Reputation: 177
I have 2 tables name and match. The name and match table have columns type. The columns and data in the name table
ID| type |
--| ---- |
1| 1ABC |
2| 2DEF |
3| 3DEF |
4| 4IJK |
The columns and data in match table is
type | DATA |
---|---|
NOT %ABC% AND NOT %DEF% | NOT ABC AND NOT DEF |
%DEF% | DEF ONLY |
NOT %DEF% AND NOT %IJK% | NOT DEF AND NOT IJK |
I have tried using case statement. The first 3 characters will be NOT if there is a NOT in the type in match table. The below query is giving me a missing keyword error. I am not sure what I am missing here
SELECT s.id, s.type, m.data
where case when substr(m.type1,3)='NOT' then s.type not in (REPLACE(REPLACE(m.type,'NOT',''),'AND',','))
ELSE s.type in (m.type) end
from source s, match m;
I need the output to match the type in source column and display the data in match column.
The output should be
ID|type|DATA
1 |1ABC|NOT DEF AND NOT IJK
2 |2DEF|DEF ONLY
3 |3DEF|DEF ONLY
4 |4IJK|NOT ABC AND NOT DEF
Upvotes: 1
Views: 94
Reputation: 271
WITH match_cte AS (
SELECT m.data
,m.type
,decode(instr(m.type,'NOT')
,1 -- found at position 1
,0
,1) should_find_str_1
,substr(m.type
,instr(m.type,'%',1,1) + 1
,instr(m.type,'%',1,2) - instr(m.type,'%',1,1) - 1) str_1
,decode(instr(m.type,'NOT',instr(m.type,'%',1,2))
,0 -- no second NOT
,1
,0) should_find_str_2
,substr(m.type
,instr(m.type,'%',1,3) + 1
,instr(m.type,'%',1,4) - instr(m.type,'%',1,3) - 1) str_2
FROM match m
)
SELECT s.id
,s.type
,m.data
FROM source s
CROSS JOIN match_cte m
WHERE m.should_find_str_1 = sign(instr(s.type,m.str_1))
AND (m.str_2 IS NULL
OR m.should_find_str_2 = sign(instr(s.type, m.str_2))
)
ORDER BY s.id, m.data
MATCH_CTE |DATA|TYPE|SHOULD_FIND_STR_1|STR_1|SHOULD_FIND_STR_2|STR_2| |-|-|-|-|-|-| |NOT ABC AND NOT DEF|NOT %ABC% AND NOT %DEF%|0|ABC|0|DEF| |DEF|%DEF%|1|DEF|1|NULL| |NOT DEF AND NOT IJK|NOT %DEF% AND NOT %IJK%|0|DEF|0|IJK|
Upvotes: 0
Reputation: 3576
The biggest problem with your attempted query seems to be that SQL requires the WHERE
clause to come after the FROM
clause.
But your query is flawed in other ways as well. Although it can have complicated logic within it, including subqueries, a CASE
statement must ultimately return a constant. Conditions within it are not applied as if they are in a WHERE
clause of the main query (like you appear to be trying to do).

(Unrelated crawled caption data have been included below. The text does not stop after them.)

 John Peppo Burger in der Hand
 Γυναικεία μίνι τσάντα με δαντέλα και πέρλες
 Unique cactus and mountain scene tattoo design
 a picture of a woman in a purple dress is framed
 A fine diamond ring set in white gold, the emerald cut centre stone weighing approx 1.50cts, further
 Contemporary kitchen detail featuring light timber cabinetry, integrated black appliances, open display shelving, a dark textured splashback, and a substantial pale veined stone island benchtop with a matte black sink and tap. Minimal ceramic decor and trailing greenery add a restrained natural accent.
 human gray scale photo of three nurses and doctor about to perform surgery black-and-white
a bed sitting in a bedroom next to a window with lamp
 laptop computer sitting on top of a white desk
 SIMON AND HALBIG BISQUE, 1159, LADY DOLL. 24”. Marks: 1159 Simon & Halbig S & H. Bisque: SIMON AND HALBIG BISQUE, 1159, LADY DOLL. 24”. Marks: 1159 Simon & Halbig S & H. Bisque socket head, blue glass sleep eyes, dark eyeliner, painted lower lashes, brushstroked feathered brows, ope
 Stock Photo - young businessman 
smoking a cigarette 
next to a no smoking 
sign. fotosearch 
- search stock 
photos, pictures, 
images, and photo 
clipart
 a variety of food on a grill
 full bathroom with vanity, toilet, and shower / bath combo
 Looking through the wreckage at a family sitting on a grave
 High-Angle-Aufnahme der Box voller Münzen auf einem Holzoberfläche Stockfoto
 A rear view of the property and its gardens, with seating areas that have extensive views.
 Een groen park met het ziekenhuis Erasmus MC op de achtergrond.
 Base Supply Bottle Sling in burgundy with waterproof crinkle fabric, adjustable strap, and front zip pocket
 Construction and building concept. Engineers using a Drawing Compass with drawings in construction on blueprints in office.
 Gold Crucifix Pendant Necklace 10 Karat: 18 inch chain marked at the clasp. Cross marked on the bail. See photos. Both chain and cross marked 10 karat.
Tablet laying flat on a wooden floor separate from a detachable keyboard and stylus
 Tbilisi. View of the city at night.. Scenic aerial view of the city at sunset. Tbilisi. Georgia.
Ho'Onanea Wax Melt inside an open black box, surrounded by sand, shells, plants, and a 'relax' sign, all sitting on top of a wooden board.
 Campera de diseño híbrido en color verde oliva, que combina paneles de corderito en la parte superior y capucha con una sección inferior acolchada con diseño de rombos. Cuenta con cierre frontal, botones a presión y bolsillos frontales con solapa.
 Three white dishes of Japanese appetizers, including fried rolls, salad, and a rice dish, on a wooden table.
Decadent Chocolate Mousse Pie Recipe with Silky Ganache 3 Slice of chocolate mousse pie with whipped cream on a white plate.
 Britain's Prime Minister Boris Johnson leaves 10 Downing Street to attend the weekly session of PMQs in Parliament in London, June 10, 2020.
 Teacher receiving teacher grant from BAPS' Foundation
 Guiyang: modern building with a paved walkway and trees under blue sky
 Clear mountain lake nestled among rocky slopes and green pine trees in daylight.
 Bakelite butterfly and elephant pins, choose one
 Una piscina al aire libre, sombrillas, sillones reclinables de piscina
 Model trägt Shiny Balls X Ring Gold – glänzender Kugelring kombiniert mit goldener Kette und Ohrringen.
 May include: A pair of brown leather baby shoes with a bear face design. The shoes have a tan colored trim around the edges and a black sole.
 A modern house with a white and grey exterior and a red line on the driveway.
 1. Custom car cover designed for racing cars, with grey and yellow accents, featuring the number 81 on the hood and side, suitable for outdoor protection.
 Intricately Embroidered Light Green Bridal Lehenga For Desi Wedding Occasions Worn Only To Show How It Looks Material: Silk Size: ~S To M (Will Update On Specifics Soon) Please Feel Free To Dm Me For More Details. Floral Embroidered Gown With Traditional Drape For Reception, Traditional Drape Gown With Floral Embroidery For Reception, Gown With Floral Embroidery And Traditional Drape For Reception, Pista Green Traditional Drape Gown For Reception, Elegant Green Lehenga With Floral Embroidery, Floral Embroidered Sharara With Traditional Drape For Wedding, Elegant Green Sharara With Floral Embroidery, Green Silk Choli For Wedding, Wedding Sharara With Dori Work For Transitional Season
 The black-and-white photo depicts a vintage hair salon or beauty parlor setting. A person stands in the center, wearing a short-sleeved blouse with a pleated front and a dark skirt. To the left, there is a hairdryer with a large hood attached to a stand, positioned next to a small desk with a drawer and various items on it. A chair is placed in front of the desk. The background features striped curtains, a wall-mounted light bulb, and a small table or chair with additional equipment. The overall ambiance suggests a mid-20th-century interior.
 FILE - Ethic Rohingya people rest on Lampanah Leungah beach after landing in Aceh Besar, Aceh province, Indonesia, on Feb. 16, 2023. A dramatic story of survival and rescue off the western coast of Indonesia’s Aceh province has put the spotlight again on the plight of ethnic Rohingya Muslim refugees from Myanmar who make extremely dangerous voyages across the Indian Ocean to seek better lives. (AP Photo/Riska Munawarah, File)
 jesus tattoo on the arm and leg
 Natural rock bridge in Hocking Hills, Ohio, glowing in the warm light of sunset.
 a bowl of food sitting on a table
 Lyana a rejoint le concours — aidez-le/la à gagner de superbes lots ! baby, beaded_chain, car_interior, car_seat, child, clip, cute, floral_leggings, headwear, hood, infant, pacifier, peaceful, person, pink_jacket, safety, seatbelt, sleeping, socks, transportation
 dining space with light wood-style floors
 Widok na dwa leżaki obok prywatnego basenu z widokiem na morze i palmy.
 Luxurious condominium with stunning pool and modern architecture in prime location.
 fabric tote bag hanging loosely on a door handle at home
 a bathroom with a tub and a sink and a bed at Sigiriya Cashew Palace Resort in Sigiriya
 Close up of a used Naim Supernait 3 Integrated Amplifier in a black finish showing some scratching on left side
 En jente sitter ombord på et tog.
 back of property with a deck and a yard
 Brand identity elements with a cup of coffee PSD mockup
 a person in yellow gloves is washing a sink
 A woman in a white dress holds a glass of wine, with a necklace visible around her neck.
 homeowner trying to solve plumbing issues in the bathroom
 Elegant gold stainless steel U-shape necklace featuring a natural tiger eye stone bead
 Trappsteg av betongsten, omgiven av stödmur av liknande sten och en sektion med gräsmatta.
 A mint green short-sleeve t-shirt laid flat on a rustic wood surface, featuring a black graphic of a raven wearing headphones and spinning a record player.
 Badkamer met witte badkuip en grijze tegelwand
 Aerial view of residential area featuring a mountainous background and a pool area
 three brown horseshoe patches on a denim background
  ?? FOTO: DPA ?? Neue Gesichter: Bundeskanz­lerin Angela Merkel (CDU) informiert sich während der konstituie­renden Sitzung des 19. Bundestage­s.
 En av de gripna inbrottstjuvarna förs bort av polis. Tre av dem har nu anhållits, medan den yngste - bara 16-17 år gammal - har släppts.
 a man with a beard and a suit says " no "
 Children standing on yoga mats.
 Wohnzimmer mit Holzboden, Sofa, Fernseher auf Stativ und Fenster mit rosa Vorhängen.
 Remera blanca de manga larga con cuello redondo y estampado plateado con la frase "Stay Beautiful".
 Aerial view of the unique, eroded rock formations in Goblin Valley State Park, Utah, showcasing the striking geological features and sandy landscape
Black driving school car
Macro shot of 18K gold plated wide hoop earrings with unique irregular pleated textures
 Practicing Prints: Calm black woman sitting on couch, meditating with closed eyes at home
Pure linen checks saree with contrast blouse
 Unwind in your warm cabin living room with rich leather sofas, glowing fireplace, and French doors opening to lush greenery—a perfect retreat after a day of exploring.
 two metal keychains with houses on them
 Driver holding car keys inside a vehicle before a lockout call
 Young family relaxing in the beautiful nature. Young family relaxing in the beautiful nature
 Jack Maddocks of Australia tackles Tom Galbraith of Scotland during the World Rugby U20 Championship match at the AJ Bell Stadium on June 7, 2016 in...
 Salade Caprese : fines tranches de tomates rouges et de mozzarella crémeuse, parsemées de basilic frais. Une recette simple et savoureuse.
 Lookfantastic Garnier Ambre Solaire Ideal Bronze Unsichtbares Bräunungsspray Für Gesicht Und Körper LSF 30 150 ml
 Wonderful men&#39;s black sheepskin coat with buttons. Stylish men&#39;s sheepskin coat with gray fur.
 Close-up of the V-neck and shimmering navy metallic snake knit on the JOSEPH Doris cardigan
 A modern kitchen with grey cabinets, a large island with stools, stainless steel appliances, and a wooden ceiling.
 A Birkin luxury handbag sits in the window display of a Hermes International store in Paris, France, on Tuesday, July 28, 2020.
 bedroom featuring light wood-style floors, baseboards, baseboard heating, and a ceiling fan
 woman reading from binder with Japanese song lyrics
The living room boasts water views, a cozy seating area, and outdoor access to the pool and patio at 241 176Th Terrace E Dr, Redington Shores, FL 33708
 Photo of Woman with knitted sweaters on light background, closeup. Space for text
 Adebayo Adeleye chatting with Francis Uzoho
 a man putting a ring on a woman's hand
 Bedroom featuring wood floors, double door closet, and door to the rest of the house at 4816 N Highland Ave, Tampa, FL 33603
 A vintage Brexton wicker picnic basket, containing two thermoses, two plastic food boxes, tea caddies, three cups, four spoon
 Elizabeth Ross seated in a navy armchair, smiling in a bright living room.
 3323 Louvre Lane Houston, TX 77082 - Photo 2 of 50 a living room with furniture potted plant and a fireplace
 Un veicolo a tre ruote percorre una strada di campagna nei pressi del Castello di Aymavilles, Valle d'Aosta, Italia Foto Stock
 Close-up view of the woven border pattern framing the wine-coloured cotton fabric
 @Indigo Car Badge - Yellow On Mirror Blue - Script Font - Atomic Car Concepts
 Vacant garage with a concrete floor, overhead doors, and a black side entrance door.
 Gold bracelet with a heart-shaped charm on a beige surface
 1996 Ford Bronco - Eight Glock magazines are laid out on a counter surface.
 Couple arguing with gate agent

My recommendation would be to not store the match
table as you currently are. It seems much preferable to have something that contains each condition you want to evaluate. Assuming that's not possible, I suggest a CTE (or even a view) that breaks it down that way first.
This query (based on Nefreo's answer for breaking strings into multiple rows)...
SELECT
data,
regexp_count(m.type, ' AND ') + 1 num,
CASE WHEN REGEXP_SUBSTR(m.type,'(.*?)( AND |$)',1,levels.column_value) like 'NOT %' THEN 1 ELSE 0 END negate,
replace(replace(REGEXP_SUBSTR(m.type,'(.*?)( AND |$)',1,levels.column_value), 'NOT '), ' AND ') match
FROM match m INNER JOIN
table(cast(multiset(select level from dual connect by level <= regexp_count(m.type, ' AND ') + 1) as sys.OdciNumberList)) levels
ON 1=1
... breaks your match table into something more like:
DATA | NUM | NEGATE | MATCH |
---|---|---|---|
NOT ABC AND NOT DEF | 2 | 1 | %ABC% |
NOT ABC AND NOT DEF | 2 | 1 | %DEF% |
DEF ONLY | 1 | 0 | %DEF% |
NOT DEF AND NOT IJK | 2 | 1 | %DEF% |
NOT DEF AND NOT IJK | 2 | 1 | %IJK% |
So we now know each specific like
condition, whether it should be negated, and the number of conditions that need to be matched for each MATCH
row. (For simplicity, I am using match.data
as essentially a key for this since it is unique for each row in match
and is what we want to return anyway, but if you were actually storing the data this way you'd probably use a sequence of some sort and not repeat the human-readable text.)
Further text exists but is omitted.